After trading for him over the offseason, the Twins are going to find out if the Manuel Margot trade pays off.
Chicago White Sox v Minnesota Twins
Chicago White Sox v Minnesota Twins / Brace Hemmelgarn/GettyImages

One of the more surprising moves of the offseason was when the Minnesota Twins flipped a Top 25 prospect to acquire Manuel Margot from the Los Angeles Dodgers.

It wasn't that steep of a price -- Noah Miller is ranked 26th in the Dodgers farm system -- rather it was the cost absorbed internally that made some scratch their heads at the move. The Twins offset most of Margot's contract to the point where they're only on the hook for $4 million after getting $6 million back from Los Angeles. Minnesota still added to the payroll, though, something that the team seemed unwilling to do in any meaningful way and could have saved that money while not boxing out a top prospect.

The biggest loser of the Margot trade was Austin Martin, who seemed to be in line for an Opening Day roster spot until the deal happened. Martin was projected to platoon centerfield with Byron Buxton and provide insurance in the event of an injury happening.

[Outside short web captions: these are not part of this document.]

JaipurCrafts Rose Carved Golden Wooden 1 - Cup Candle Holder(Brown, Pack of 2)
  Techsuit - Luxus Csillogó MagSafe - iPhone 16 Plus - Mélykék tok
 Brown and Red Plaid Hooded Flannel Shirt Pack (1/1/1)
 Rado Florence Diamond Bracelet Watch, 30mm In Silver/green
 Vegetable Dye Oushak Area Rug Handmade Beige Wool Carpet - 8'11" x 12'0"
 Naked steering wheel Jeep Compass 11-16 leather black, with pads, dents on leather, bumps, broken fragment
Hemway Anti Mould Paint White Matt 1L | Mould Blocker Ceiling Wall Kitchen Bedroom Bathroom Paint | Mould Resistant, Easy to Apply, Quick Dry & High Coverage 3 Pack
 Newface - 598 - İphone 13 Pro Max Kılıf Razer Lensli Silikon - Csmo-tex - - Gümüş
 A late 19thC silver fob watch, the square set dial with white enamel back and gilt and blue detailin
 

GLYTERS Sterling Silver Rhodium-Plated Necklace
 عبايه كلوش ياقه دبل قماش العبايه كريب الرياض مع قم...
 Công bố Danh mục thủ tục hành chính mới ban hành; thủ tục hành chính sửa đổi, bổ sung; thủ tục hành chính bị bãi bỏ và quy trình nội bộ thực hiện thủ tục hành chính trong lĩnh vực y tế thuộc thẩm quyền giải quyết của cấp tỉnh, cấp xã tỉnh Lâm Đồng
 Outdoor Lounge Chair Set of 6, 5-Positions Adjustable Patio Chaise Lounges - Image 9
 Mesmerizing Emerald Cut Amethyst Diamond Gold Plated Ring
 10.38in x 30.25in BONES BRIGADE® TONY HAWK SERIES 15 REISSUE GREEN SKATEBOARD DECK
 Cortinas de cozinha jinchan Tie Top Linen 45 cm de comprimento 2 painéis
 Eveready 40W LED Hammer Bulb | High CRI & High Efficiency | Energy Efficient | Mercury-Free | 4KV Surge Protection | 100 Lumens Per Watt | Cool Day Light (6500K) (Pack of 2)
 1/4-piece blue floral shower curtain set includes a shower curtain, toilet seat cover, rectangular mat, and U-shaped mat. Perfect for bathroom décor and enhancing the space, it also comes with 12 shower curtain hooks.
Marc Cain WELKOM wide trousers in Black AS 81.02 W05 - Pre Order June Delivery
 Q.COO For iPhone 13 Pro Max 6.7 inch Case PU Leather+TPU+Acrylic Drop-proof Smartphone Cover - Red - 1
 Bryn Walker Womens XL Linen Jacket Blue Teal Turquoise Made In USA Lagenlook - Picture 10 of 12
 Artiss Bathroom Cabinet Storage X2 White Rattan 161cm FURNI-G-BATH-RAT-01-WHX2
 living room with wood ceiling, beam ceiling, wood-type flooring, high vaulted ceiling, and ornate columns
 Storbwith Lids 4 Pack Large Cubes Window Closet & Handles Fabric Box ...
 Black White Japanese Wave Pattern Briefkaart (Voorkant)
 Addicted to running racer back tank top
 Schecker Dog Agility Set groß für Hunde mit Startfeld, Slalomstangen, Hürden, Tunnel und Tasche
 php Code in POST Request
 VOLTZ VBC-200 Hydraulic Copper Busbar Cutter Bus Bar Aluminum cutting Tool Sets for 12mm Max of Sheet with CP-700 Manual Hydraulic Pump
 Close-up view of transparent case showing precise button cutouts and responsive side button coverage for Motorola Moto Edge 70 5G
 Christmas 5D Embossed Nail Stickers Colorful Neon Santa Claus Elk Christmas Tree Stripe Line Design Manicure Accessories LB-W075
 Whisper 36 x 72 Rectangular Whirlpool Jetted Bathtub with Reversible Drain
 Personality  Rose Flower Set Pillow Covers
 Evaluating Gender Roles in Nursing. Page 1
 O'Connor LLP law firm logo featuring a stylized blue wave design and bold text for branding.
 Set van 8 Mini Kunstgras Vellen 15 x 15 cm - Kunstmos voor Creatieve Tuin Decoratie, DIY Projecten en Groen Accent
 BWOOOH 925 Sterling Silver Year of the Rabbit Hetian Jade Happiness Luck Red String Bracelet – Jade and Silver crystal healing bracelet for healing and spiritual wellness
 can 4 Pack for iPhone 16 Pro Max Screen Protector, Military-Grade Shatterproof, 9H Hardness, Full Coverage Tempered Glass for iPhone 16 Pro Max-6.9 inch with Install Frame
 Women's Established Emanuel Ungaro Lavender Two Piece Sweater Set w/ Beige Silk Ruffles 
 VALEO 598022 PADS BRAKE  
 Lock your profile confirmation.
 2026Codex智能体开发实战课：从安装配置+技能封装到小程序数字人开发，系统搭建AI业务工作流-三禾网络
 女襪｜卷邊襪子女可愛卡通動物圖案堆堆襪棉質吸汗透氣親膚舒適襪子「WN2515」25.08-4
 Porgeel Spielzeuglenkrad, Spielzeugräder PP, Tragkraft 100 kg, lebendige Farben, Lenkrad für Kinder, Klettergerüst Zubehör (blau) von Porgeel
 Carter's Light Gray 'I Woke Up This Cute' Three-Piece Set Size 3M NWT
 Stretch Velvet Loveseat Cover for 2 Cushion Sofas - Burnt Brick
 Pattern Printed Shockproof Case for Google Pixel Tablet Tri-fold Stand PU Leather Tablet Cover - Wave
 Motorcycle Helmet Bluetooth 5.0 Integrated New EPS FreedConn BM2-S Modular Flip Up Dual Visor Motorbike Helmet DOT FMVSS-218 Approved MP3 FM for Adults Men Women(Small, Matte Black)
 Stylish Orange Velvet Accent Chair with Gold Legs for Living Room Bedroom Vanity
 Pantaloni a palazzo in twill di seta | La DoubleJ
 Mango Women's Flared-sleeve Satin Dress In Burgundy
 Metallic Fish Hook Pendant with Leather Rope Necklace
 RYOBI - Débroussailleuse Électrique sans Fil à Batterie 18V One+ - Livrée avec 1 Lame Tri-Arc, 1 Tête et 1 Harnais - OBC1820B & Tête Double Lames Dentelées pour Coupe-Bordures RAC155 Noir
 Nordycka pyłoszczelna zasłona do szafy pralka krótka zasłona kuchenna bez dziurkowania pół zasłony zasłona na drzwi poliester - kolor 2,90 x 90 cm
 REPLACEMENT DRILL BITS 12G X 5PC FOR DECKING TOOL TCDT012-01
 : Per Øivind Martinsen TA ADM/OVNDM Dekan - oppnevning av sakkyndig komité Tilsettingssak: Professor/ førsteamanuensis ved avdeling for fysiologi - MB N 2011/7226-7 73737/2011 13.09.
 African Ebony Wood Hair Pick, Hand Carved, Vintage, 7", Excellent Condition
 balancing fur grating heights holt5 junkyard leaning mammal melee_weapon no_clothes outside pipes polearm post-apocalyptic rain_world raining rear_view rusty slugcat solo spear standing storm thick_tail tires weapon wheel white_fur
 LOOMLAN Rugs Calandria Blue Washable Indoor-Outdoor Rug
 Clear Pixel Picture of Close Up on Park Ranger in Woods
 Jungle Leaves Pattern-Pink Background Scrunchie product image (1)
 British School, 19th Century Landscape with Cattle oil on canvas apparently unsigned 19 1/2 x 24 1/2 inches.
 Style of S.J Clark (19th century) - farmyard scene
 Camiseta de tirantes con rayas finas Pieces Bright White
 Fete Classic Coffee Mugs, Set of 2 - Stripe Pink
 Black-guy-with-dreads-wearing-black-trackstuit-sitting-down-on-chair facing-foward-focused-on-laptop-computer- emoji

Instead, the Twins purchased Margot as an insurance policy over Martin and we're about to see if that ends up paying off.

Twins trading for Manuel Margot is finally being put to the test

Buxton left Wednesday's win over the Chicago White Sox with right knee soreness, and it seems like a stint on the IL is in his future. Even of the injury isn't serious and the results of the MRI come back negative, the Twins would be wise to pump the brakes on Buxton's season and preserve the oft-injured superstar for the long haul.

That would mean the Margot insurance policy kicking in, which so far hasn't seemed like that great of a deal.

Margot has been pretty bad so far this season. He's hitting an abysmal .182/.270/.255 with an OPS that is dramatically lower than where his career mark has been. What's troubling about this isn't just the fact that Margot isn't hitting well, rather that his offense was the sales pitch for why he was acquired.

The Twins could have brought back Michael A. Taylor to fill the same role he did last season, but it was Margot's superior offensive skills that ended up being a tiebreaker.

While Margot struggles, Taylor is hitting .253/.301/.293 with the Pirates and sustaining the success the Twins doubted he could. It's something that makes the trade sting even more, and that's before considering how Minnesota stepped on its own toes in terms of a perfect in-house plan.

All we heard over the offseason was how the team had enough talent to withstand the $30 million payroll cut ownership made. Yet, Martin was passed over in favor of Margot when it might end up that he serves as Buxton's replacement anyway.

Martin was better offensively for the Twins and was having a much bigger defensive impact than Margot, who has regressed this season. If Buxton hits the IL then it's expected that Martin will get recalled and added back to the 26-man roster, but the fact that things have to be this complicated just further highlights how easy everything could have been.

That being said, there's hope that Margot can turn things around with increased playing time. He was a .281/.341/.420 hitter against left-handed pitching for a .761 OPS when the Twins acquired him, and if he can get back to that level of production then there's no question the insurance policy was worth it.

A lot of that involves hoping and wishing things will get better, which has been a losing strategy for the Twins. Finding an insurance policy for Buxton was the right move, but we're about to find out if they ended up getting the right one.